Find a job 
Featured Companies 
Featured Universities 
For Companies At a Glance
- Tasks: Lead clinical evaluation reports and support regulatory submissions for medical devices.
- Company: Global medical devices company in the UK with an inclusive culture.
- Benefits: Competitive salary, diverse perspectives, and excellent benefits.
- Why this job: Make a real impact in the medical field while thriving in a supportive environment.
- Qualifications: Bachelor's in life science and 5 years of medical writing experience.
- Other info: Join a team that values diversity and encourages innovative thinking.
The predicted salary is between 36000 - 60000 £ per year.

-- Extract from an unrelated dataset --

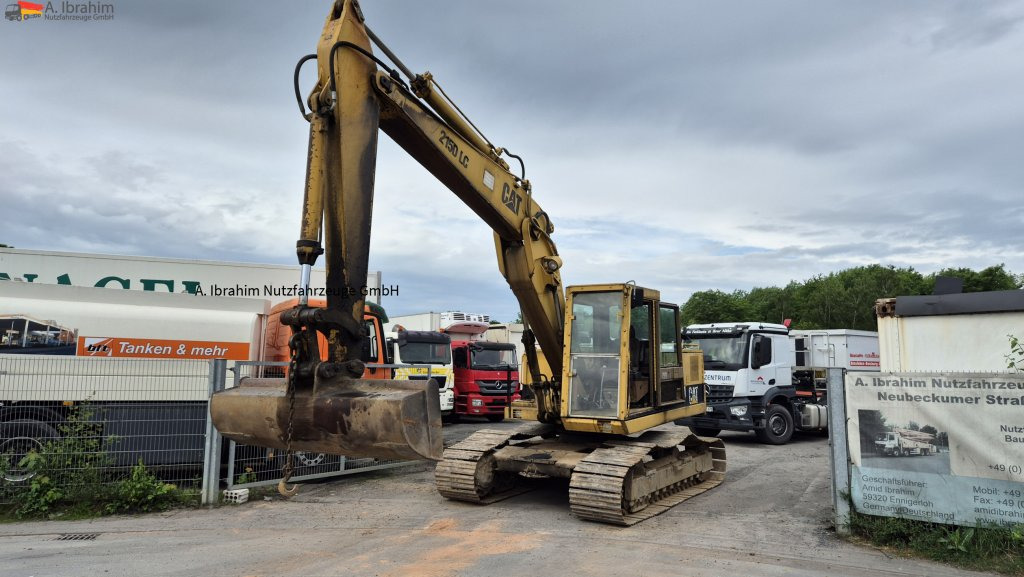 CAT 215 DLC Zustand normal, Hydraulik trocken - Excavadora de cadenas: foto 1 CAT 215 DLC Zustand normal, Hydraulik trocken - Excavadora de cadenas: foto 1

A global medical devices company in the UK is seeking a Regulatory Affairs Specialist responsible for leading clinical evaluation reports and supporting regulatory submissions.

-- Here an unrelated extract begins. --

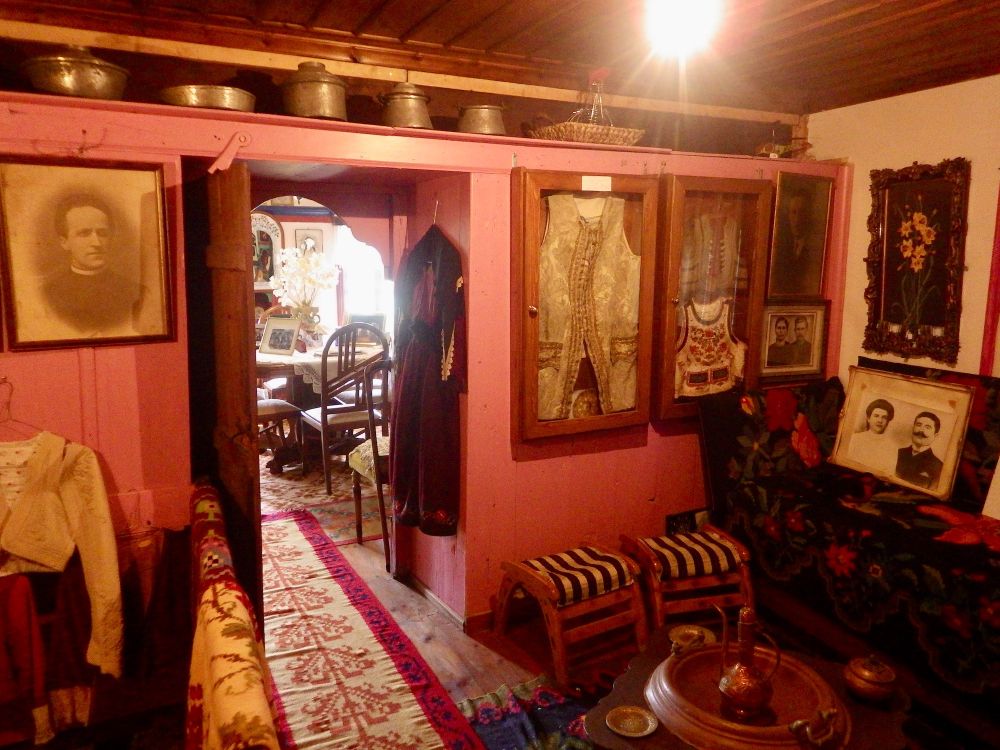 OFF-ROAD 4X4 ΣΤΑ ΕΠΙΒΛΗΤΙΚΑ ΒΟΥΝΑ ΜΕ ΤΙΣ ΕΝΤΥΠΩΣΙΑΚΕΣ ΚΟΡΥΦΕΣ ΣΤΑ ΔΥΤΙΚΑ ΤΗΣ ΚΕΝΤΡΙΚΗ ΠΙΝΔΟΥ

The ideal candidate has a Bachelor's degree in a life science, at least 5 years of experience in medical writing, and is proficient in creating technical documents.
This role provides an opportunity to thrive within an inclusive culture that encourages diverse perspectives and offers competitive salaries and benefits.
Global Regulatory Writer – Medical Devices (CER Focus) in England employer: Biocomposites
Contact Detail:
Biocomposites Recruiting Team
StudySmarter Expert Advice 🤫
We think this is how you could land Global Regulatory Writer – Medical Devices (CER Focus) in England
✨Tip Number 1
Network like a pro! Reach out to professionals in the medical devices field on LinkedIn or at industry events. We can’t stress enough how valuable personal connections can be in landing that dream job.
✨Tip Number 2
Prepare for interviews by practising common questions related to regulatory writing and clinical evaluation reports. We recommend doing mock interviews with friends or using online platforms to boost your confidence.
✨Tip Number 3
Showcase your expertise! Create a portfolio of your best technical documents and writing samples. This will help us see your skills in action and give you an edge over other candidates.
✨Tip Number 4
Don’t forget to apply through our website! It’s the best way to ensure your application gets noticed. Plus, we love seeing candidates who take the initiative to connect directly with us.
We think you need these skills to ace Global Regulatory Writer – Medical Devices (CER Focus) in England
Some tips for your application 🫡
Tailor Your CV: Make sure your CV highlights your experience in medical writing and regulatory affairs. We want to see how your background aligns with the role, so don’t be shy about showcasing your relevant skills and achievements!
Craft a Compelling Cover Letter: Your cover letter is your chance to shine! Use it to explain why you’re passionate about regulatory writing in the medical devices field. We love seeing candidates who can express their enthusiasm and fit for our inclusive culture.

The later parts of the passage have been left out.